Si l’on admet que l’univers a été créé et n’a pas commencé officieusement, pour ainsi dire, les théories actuelles sur sa Création lui attribuent entre dix et vingt milliards d’années. Selon un calcul identique, on juge d’ordinaire que la Terre a quatre milliards et demi d’années.

Ces estimations sont fausses.

Les Cabalistes du Moyen Âge ont évalué la date de la Création à 3760 avant J. -C. Les théologiens orthodoxes grecs remontaient jusqu’en 5508 avant J. -C.

Erreur, là aussi.

L’archevêque James Usher (1581-1656) publia en 1654 ses Annales Veteris et Novi Testamenti,qui suggéraient que le Ciel et la Terre ont été créés en 4004 avant J. -C. Un de ses collaborateurs poussa les calculs plus loin et put annoncer triomphalement que la Terre avait vu le jour le dimanche 21 octobre 4004 avant J. -C., à neuf heures du matin précises, parce que Dieu aimait travailler tôt, pendant qu’Il se sentait frais et dispos.

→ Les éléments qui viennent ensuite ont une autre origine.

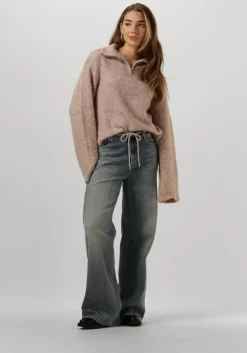 beige modström trui kanemd zip t-neck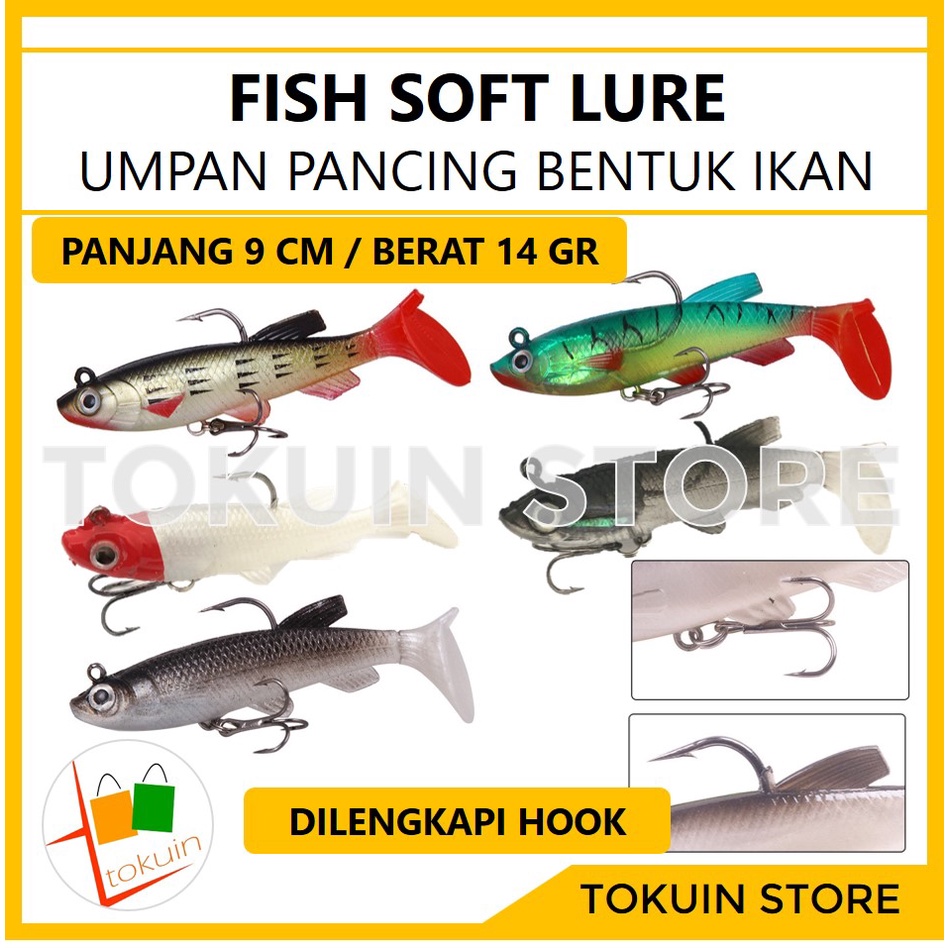 Soft Fish Lure Swim Bait Jig Umpan Casting Mata Pancing Mancing Ikan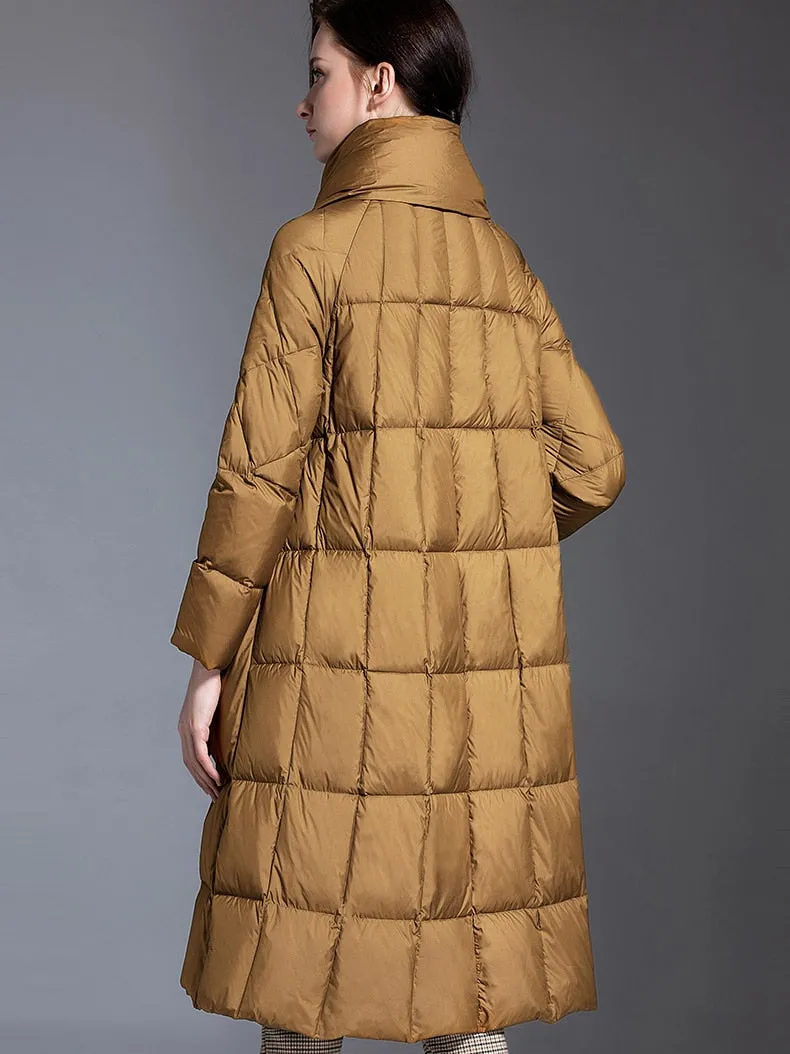 Stand-up Collar Women's Long Down Puffer Coat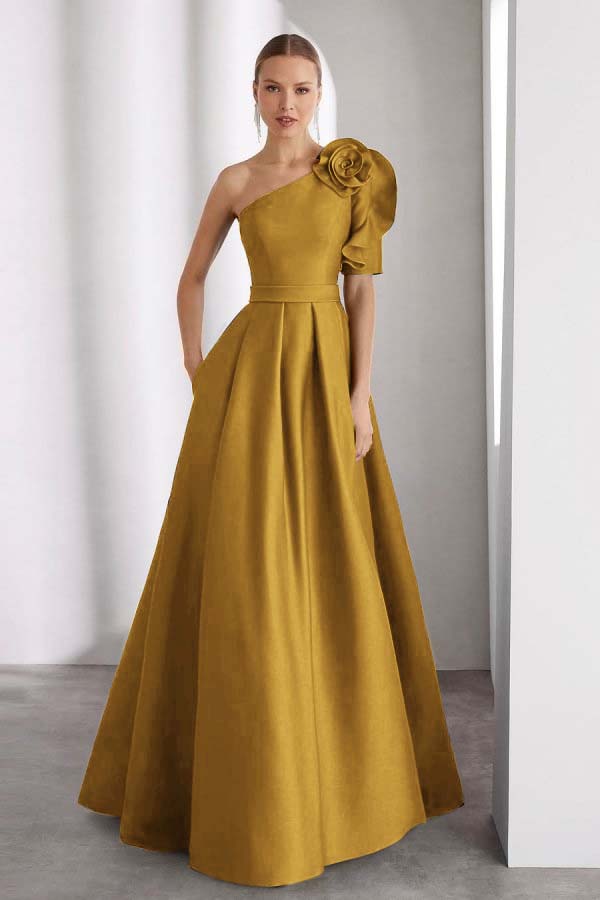 One Shoulder Sleeveless Long Prom Dress With Pleated Pockets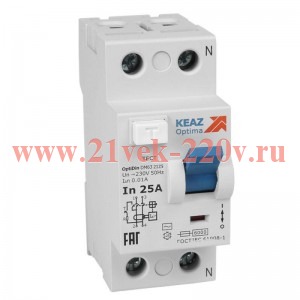 Выключатель дифференциального тока (УЗО) 2п 63А 10мА OptiDin DМ63-2163-AС-УХЛ4 КЭАЗ 254185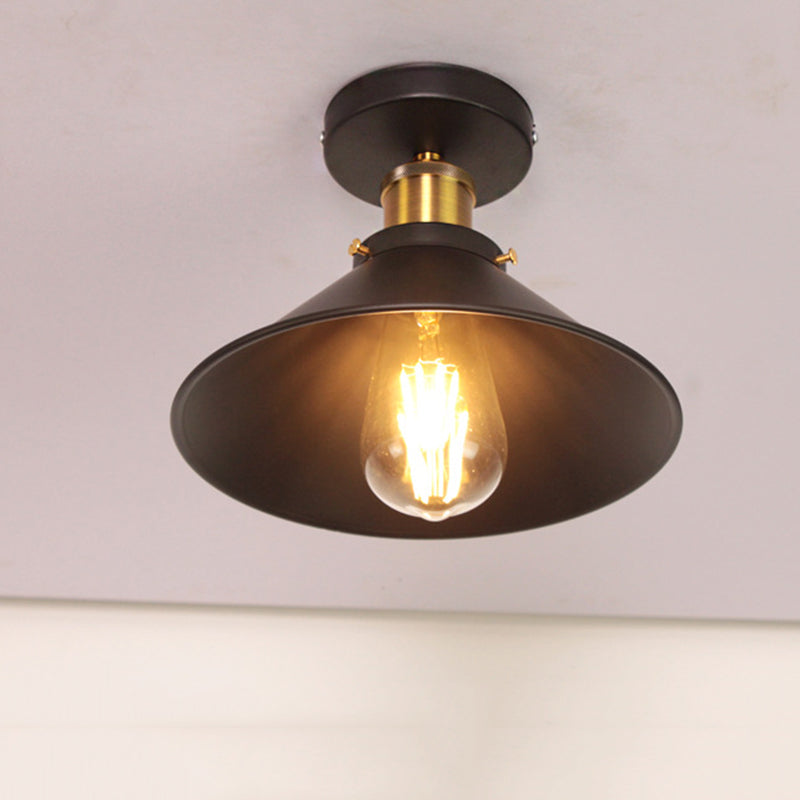 Black 1-Light Semi Flush Mount in Industrial Simplicity Wrought Iron Ceiling Light for Corridor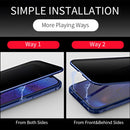 Double Sides Tempered Glass Magnetic Adsorption Metal Frame Anti-peep Screen Case For iPhone 12 / 12 Pro(Gold)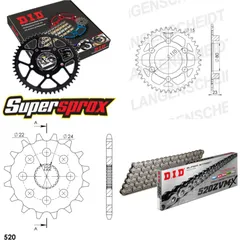 Chain Kit - Steel - for: APRILIA AF1 125 Sintesi 88-90 16-37-106 DID520ZVM-X endless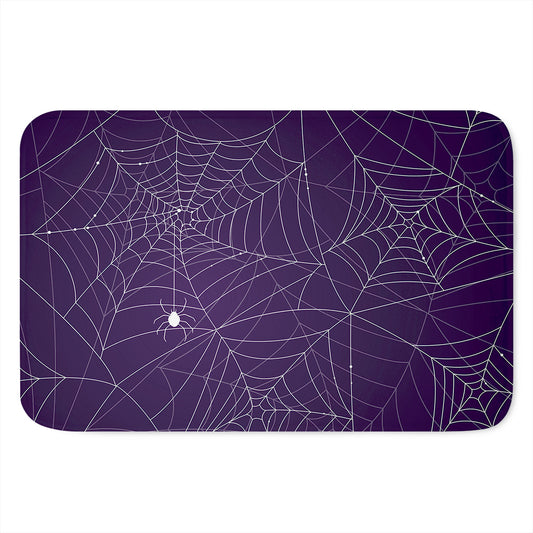 Purple Spider Web Pattern Print Indoor Door Mat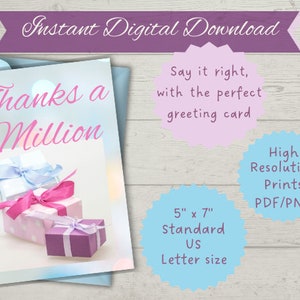 Merci carte imprimable classique et élégant Merci un million maman fille soeur fille meilleur ami cadeau téléchargement immédiat carte de voeux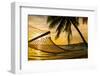 Hammock Silhouette with Palm Trees on a Beautiful Beach at Sunset-Martin Valigursky-Framed Photographic Print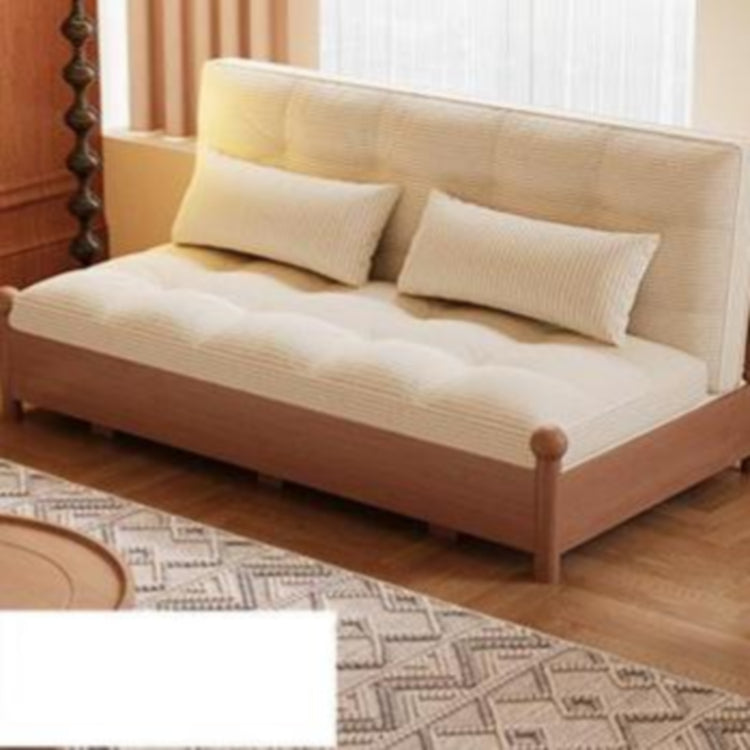 折りたたみソファベッド 実木フレーム リビング・書斎対応 ラタン編み 引き出し式 伸縮ミニソファ 綿麻ファブリック zx-1229-10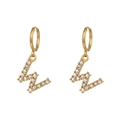 18K gold plated stainless steel lightning bolt earrings with pavé cubic zirconia - Letter W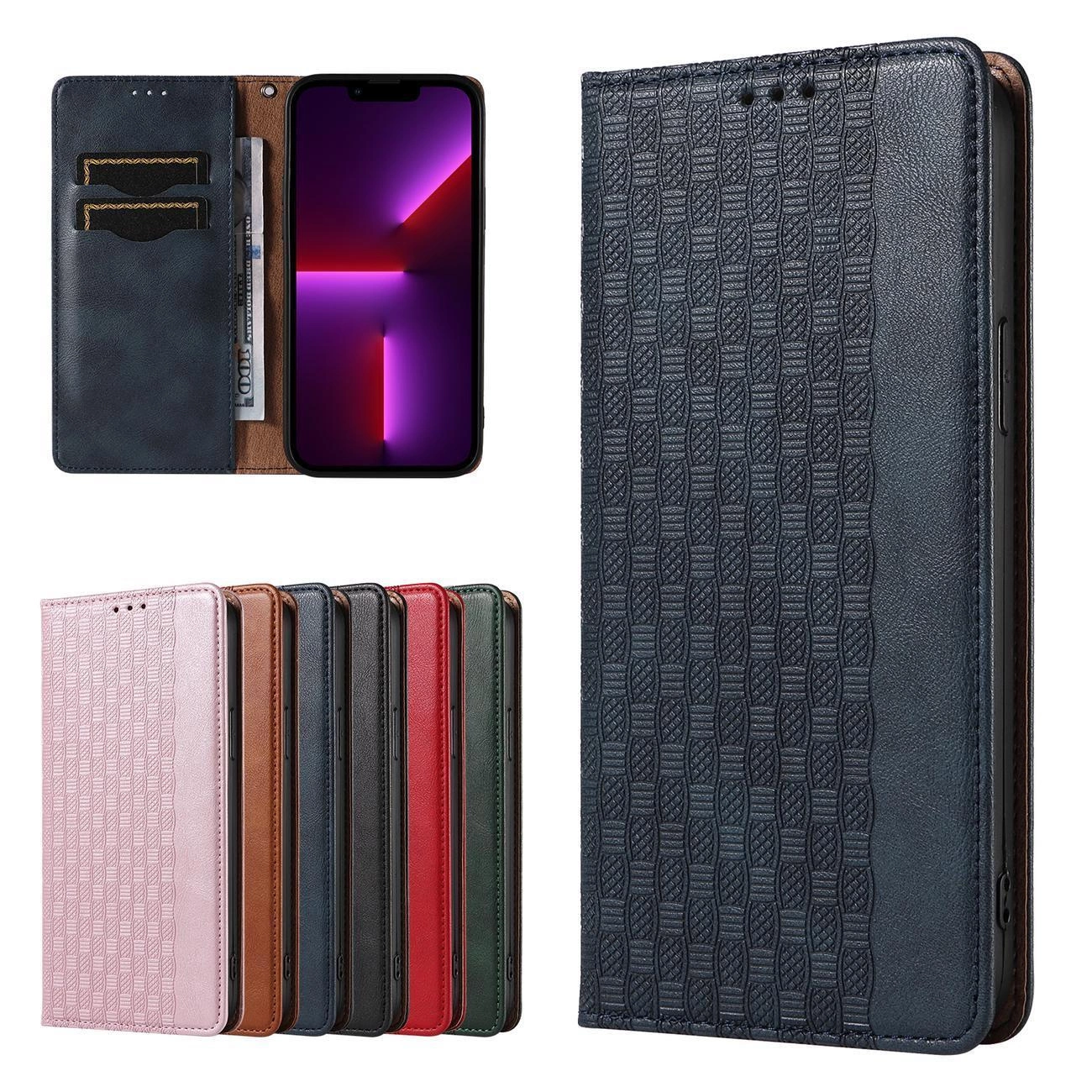 Magnet Strap Case dėklas iPhone 14 knygutė su mini dirželiu ir stovu mėlynas - Image 2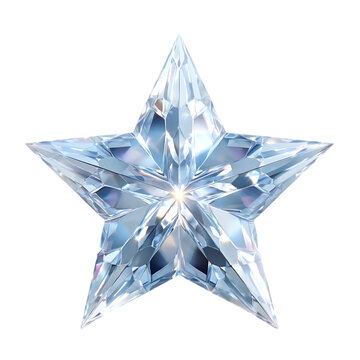 Sparkling five pointed star shaped gemstone bright light reflection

Il se trompait également. De presque un quart d’heure.

Ces histoires de fossiles de dinosaures sont un canular, mais les paléontologues ne l’ont pas encore compris.

Ce qui prouve deux choses :

D'abord, que les voies du Seigneur sont vraiment impénétrables : elles fonctionnent peut-être même en circuit fermé. Dieu ne joue pas aux dés avec l’univers, mais à un jeu ineffable de Son invention, qu’on pourrait comparer, du point de vue des autres joueurs 1 , à une version obscure et complexe du poker, en chambre noire, avec des cartes blanches, pour des enjeux infinis, face à une Banque qui refuse d’expliquer les règles et qui n’arrête pas de sourire.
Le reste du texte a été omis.